- What the task asks -
Only the text of the records below belongs in the answer, copied exactly, with pictures omitted.

Short descriptive text snippets

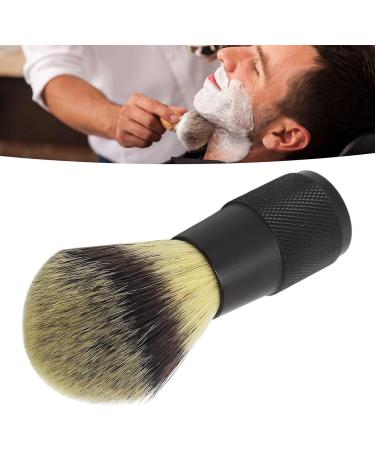 GFRGFH Foaming Beard Brush - Soft Bristles Black Alloy Handle | Best Beard Care for Men - Buy Online on SooperMarket.com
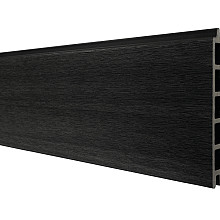 Fiberdeck Premium Fence Board Ebony Black – 21 × 160 mm (wb 150 mm)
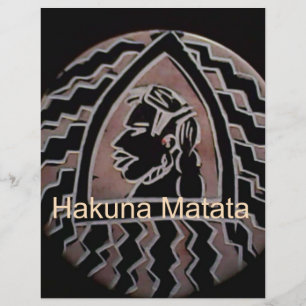 Hakuna Matata Bongo Flavour.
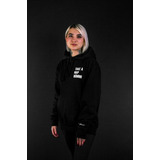 Sudadera Black Hummi Hoodie, Negro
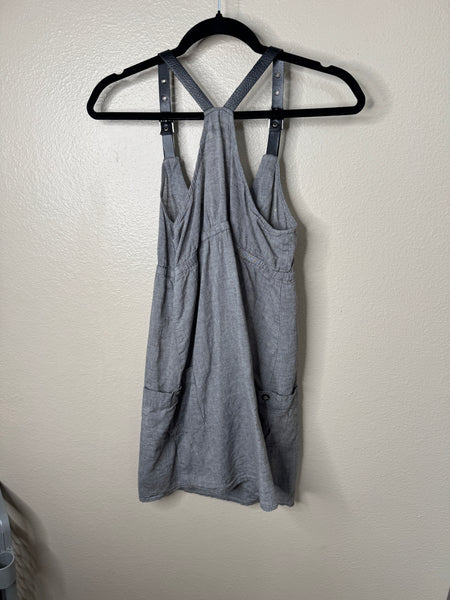 Papaya Women's Gray Dress Size S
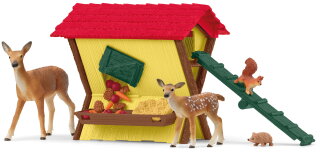 Schleich 42658 - Fütterung der Wildtiere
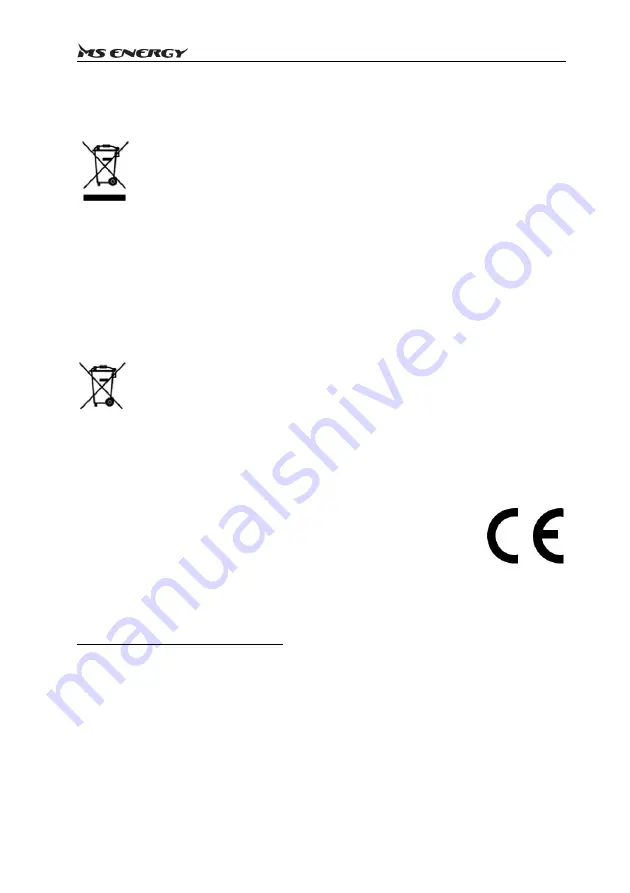 MS ENERGY eBike c500 Instruction Manual Download Page 183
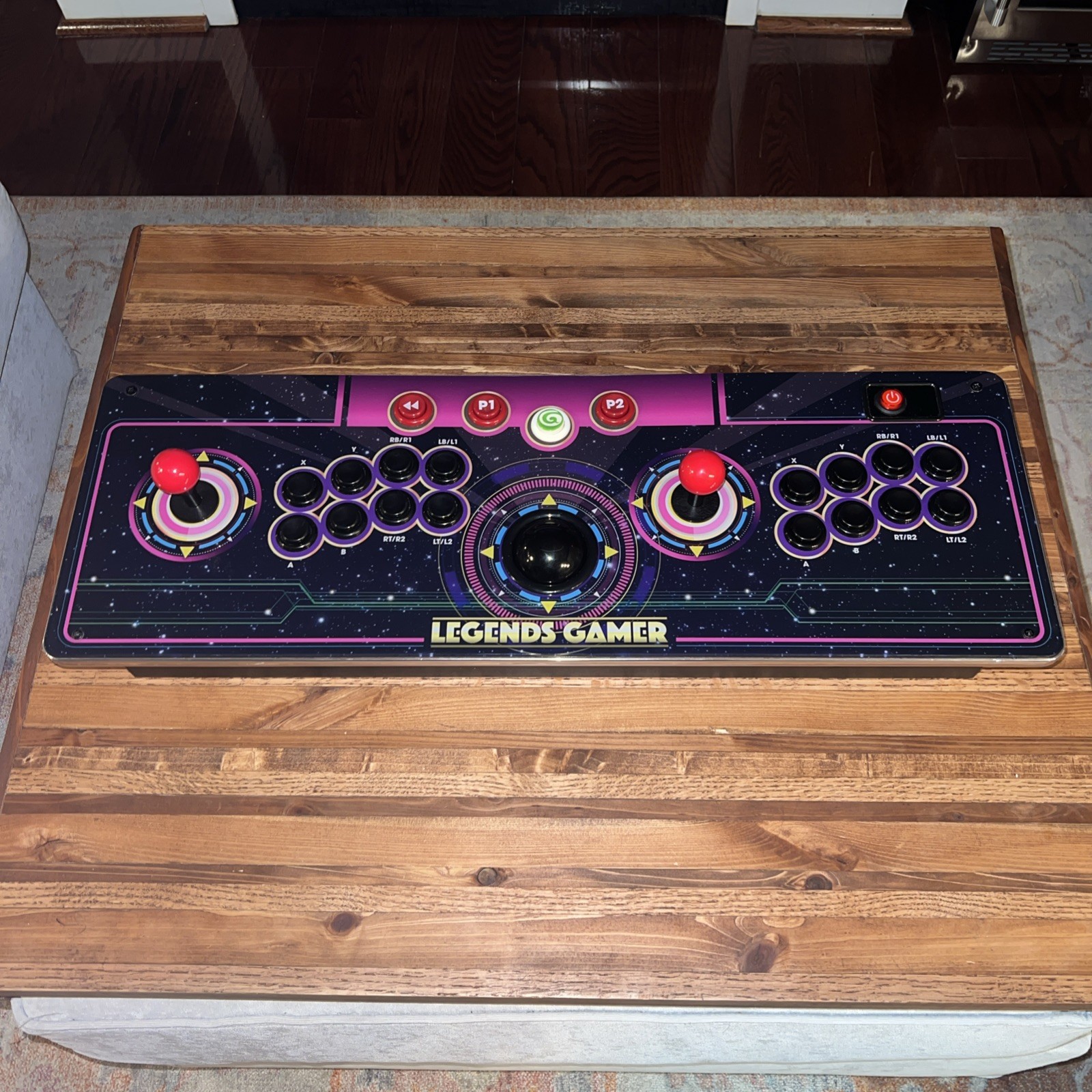AtGames Legends Gamer Pro Tabletop Arcade Controller ONLY – No Cables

- Response -
 GFRGFH Foaming Beard Brush - Soft Bristles Black Alloy Handle | Best Beard Care for Men - Buy Online on SooperMarket.com
 Fiberdeck Premium Fence Board Ebony Black – 21 × 160 mm (wb 150 mm)
 Hakuna Matata Bongo Flavour.
 Sudadera Black Hummi Hoodie, Negro
 Papaya Women's Gray Dress Size S
 Schleich 42658 - Fütterung der Wildtiere
 MS ENERGY eBike c500 Instruction Manual Download Page 183
AtGames Legends Gamer Pro Tabletop Arcade Controller ONLY – No Cables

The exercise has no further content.